This content originally appeared on Level Up Coding - Medium and was authored by Philippe Ostiguy, M. Sc.
Get Free, and Reliable Financial Market Data — Machine Learning-Ready
Automate your data collection using Python for seamless stock market forecasting
Ever tried to build a machine learning model for stock forecasting, only to hit a wall when it comes to finding good data? You’re not alone. Getting reliable economic and financial market data without spending a fortune can be tough, and there are plenty of unreliable sources out there.
Here’s the thing: in machine learning, your data is your foundation.It’s better to have a simpler model with quality data than a state-of-the-art model trained on unreliable data.
With very little Python skills only, you can grab all the free, trustworthy data you need to train your model for stock forecasting. I’ll show you how to automatically collect daily data and prepare it for immediate use in your machine learning models for stock forecasting, saving you time and money while ensuring quality.
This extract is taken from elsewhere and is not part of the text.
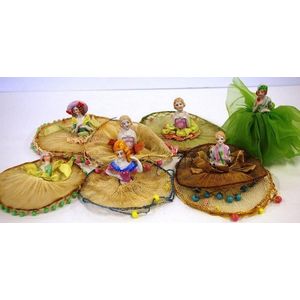 Seven good vintage half doll milk jug covers together with a…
If you’ve read my earlier piece on getting free financial news headlines, you’ll know I’m all about making good financial headlines accessible. This time, we’re focusing on financial and economic data. And once you’ve got your solid data? Check out my article on using a custom validation loss to improve your deep learning model — it’s a great next step!
Here’s a quick summary of what will be covered:
- Obtaining free and reliable daily economic and financial market data — We’ll demonstrate how to automatically gather all the reliable data you need for your stock market forecasting models. You’ll also have the possibility to customize date ranges for your queries.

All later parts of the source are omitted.